- _LISTED ENTRIES_
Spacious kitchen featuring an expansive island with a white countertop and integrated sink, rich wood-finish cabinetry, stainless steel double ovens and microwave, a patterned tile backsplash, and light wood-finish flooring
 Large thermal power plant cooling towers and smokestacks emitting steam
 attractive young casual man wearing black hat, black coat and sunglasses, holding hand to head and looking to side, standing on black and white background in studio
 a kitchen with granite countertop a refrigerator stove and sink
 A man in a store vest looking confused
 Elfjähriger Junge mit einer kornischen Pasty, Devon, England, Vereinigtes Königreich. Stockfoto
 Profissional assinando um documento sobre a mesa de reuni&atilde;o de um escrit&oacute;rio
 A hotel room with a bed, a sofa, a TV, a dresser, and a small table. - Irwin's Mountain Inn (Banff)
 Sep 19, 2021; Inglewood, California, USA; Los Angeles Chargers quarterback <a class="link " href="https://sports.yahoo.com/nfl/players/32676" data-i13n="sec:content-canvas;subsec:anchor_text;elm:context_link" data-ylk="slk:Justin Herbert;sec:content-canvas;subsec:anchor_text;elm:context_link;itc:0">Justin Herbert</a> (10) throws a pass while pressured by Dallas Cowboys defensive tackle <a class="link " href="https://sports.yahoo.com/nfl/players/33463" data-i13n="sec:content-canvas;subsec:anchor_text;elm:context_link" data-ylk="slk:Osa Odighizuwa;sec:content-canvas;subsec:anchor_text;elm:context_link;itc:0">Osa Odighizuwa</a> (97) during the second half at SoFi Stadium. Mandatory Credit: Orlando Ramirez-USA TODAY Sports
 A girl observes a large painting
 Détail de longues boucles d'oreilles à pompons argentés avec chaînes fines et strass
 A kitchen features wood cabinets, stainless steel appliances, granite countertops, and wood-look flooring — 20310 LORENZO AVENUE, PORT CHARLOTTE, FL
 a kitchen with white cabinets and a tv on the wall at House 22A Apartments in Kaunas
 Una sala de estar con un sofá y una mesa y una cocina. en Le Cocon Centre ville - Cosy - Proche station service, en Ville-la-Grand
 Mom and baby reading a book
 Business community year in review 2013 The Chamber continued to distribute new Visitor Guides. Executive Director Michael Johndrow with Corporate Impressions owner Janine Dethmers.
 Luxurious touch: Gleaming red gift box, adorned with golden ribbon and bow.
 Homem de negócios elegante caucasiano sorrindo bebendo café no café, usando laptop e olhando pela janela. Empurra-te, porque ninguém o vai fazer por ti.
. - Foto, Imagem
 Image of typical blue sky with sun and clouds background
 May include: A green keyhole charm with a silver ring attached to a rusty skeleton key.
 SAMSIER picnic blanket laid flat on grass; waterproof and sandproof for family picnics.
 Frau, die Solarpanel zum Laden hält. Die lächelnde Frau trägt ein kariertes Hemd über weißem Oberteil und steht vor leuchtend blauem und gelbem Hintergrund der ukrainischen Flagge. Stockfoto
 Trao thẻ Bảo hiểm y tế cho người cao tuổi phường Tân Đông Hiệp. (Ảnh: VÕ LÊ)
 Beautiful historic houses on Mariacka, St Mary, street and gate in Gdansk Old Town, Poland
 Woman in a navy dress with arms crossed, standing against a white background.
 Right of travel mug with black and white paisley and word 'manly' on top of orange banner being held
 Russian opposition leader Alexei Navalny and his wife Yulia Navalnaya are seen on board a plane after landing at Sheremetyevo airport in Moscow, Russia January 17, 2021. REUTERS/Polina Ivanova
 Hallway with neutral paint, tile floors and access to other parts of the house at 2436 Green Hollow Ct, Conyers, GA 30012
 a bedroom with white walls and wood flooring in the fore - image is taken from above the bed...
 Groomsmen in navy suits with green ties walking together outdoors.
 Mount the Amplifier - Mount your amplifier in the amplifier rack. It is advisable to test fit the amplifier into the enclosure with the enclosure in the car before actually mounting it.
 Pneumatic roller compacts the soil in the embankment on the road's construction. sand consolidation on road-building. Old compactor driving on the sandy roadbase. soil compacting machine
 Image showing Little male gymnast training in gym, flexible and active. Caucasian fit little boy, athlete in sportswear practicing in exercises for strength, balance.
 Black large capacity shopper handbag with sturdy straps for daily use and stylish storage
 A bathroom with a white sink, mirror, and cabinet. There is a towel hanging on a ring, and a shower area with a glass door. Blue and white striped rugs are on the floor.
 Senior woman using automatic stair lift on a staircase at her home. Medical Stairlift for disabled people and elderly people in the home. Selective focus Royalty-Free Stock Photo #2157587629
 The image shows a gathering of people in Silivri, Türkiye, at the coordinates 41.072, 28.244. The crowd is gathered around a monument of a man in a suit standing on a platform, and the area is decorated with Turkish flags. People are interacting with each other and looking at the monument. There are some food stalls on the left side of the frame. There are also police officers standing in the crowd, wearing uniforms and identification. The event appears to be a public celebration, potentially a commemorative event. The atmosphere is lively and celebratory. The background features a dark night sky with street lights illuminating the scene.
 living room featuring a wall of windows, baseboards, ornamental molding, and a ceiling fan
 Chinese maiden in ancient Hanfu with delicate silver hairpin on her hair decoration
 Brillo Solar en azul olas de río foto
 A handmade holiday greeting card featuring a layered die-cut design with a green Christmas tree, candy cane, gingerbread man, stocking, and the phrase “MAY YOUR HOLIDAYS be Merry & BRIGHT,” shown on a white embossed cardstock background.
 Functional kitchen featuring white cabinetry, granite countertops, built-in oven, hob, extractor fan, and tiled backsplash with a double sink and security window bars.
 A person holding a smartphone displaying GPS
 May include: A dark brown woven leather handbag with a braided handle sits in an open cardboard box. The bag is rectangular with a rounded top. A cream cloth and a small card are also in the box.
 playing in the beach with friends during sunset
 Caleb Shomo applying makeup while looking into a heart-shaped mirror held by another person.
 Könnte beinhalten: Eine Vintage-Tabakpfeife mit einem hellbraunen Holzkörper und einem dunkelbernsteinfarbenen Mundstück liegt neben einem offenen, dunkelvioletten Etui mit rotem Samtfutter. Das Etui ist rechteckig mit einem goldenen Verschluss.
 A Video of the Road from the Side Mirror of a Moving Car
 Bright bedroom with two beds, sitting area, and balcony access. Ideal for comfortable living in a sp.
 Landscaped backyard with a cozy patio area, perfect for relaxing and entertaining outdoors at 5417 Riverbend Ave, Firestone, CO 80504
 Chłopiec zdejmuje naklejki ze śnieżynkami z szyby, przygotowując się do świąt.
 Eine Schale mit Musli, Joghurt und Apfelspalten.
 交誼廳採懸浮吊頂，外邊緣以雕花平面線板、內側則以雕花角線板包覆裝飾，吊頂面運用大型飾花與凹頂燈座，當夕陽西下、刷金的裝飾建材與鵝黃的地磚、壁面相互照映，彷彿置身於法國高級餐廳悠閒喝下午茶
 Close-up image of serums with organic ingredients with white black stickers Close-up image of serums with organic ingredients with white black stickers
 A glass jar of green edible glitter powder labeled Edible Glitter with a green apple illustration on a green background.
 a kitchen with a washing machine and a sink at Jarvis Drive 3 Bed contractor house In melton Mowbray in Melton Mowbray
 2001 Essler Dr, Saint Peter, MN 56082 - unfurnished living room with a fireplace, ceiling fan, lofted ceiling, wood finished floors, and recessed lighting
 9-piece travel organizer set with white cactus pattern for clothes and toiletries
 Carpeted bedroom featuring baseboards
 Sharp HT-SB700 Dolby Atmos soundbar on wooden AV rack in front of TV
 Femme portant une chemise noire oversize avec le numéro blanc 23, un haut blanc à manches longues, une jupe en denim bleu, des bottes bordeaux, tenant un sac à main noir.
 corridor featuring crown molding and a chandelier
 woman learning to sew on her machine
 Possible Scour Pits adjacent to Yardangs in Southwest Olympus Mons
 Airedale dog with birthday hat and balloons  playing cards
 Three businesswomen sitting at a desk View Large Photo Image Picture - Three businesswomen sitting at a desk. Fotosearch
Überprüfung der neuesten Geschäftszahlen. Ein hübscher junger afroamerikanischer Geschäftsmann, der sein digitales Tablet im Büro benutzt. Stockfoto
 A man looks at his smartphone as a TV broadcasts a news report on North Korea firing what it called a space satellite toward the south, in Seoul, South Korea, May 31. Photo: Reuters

- _ASSIGNMENT_
From the data above, output only the lines between the line containing "交誼廳採懸浮吊頂，外邊緣以雕" and the line containing "Carpeted bedroom featuring baseboards", inclusive, exactly as written.

- _ANSWER_
 交誼廳採懸浮吊頂，外邊緣以雕花平面線板、內側則以雕花角線板包覆裝飾，吊頂面運用大型飾花與凹頂燈座，當夕陽西下、刷金的裝飾建材與鵝黃的地磚、壁面相互照映，彷彿置身於法國高級餐廳悠閒喝下午茶
 Close-up image of serums with organic ingredients with white black stickers Close-up image of serums with organic ingredients with white black stickers
 A glass jar of green edible glitter powder labeled Edible Glitter with a green apple illustration on a green background.
 a kitchen with a washing machine and a sink at Jarvis Drive 3 Bed contractor house In melton Mowbray in Melton Mowbray
 2001 Essler Dr, Saint Peter, MN 56082 - unfurnished living room with a fireplace, ceiling fan, lofted ceiling, wood finished floors, and recessed lighting
 9-piece travel organizer set with white cactus pattern for clothes and toiletries
 Carpeted bedroom featuring baseboards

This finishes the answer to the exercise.